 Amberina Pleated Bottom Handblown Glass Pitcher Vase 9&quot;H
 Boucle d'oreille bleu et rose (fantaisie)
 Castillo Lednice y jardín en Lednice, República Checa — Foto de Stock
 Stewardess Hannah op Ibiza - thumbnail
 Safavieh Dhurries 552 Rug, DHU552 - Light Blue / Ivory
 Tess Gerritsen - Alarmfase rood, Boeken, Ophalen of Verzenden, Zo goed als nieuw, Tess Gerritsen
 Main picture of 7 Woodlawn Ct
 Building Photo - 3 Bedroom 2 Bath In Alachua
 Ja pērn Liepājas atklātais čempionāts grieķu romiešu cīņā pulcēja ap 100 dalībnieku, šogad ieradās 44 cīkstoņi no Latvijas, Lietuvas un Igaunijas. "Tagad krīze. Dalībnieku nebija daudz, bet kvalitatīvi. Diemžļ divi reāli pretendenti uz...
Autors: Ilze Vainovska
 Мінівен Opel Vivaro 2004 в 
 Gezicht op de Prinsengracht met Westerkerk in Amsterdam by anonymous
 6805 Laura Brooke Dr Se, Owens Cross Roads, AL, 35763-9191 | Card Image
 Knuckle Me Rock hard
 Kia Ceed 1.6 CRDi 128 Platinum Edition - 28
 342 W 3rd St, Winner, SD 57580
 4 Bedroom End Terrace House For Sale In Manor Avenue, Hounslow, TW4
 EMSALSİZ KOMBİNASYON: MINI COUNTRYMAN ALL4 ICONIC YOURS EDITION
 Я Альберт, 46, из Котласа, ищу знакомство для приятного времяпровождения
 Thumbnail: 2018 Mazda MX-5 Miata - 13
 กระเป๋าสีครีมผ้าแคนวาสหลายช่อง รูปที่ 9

....

Within the listing above, find every line containing the string "Bedroom" and return it.

 Building Photo - 3 Bedroom 2 Bath In Alachua
 4 Bedroom End Terrace House For Sale In Manor Avenue, Hounslow, TW4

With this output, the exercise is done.